Zalgoth tries to strike the fleeing Deva but misses wildly. Quick to recover Zalgoth quickly sends a sheet of flames in the from of a wall of screaming skulls towards where the Deva last went invisible and is dripping blood. But the fact that a brief outline parts the fire, Zalgoth knows the creatures resistance overcame his spell.

----------


## Watcher

The deva's scream is nearly lost under the screams of Zalgoth's spell. There's a thud and a thicker splatter of blood. The hallway falls silent, allowing the faint echoes of activity to filter in from even further north.

*Spoiler: OOC*
Show

Combat rounds are over. The deva is unconscious and dying but still invisible. The barbed devil is unconscious and dying. The other two devas are dead. They technically have loot, but there's nothing you could use immediately, so let's handwave it.
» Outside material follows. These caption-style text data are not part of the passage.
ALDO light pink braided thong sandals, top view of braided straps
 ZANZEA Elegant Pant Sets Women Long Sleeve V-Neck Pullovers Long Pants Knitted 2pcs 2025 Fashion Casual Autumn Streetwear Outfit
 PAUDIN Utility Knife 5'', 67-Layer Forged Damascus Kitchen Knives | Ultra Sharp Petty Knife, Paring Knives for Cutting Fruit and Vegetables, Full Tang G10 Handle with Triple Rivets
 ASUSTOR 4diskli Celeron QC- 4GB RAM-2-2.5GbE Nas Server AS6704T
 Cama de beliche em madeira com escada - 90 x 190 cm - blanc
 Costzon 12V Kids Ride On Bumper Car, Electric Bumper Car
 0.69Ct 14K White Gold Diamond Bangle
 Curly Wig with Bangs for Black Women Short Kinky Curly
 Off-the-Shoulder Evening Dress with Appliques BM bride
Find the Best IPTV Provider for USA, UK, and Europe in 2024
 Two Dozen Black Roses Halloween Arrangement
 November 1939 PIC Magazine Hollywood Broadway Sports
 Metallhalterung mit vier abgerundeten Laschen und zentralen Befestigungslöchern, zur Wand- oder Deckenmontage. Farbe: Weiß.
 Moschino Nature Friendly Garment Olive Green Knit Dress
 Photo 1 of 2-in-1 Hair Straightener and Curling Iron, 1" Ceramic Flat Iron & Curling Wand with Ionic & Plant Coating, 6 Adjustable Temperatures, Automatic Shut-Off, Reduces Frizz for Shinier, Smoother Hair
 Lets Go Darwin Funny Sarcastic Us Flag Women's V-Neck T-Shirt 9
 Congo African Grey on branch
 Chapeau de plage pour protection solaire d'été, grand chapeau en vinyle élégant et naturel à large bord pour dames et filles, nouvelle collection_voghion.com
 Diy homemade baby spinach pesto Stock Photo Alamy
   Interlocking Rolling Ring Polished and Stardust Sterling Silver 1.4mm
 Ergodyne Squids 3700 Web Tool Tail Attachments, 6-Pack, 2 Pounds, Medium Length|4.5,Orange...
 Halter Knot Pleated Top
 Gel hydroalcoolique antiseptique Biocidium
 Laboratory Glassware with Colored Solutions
You can heal to full with the Disjoiner of Fate in this lull.

----------


## Athaleon

*+++ They have taken the captives. These ones are special somehow. +++*

Taker took off down the hallway to the north, weapon readied, moving through the floor like a crocodile with his eyes just above the surface.

----------


## Feathersnow

Knave mounts his armadillo and rides after!

----------


## Watcher

When Taker is halfway down the hallway, a single silver line shoots through the air. It fades almost instantly, but those who specifically look for it can see a tiny thread of discoloration as thin as silk connecting Taker to whatever waits at the end of the hallway.

Voices echo from the north. There's a large group of people ahead, and they're trying and failing to be quiet. They're murmuring in Common, but they overlap too much for those further down the hall to make out anything distinct.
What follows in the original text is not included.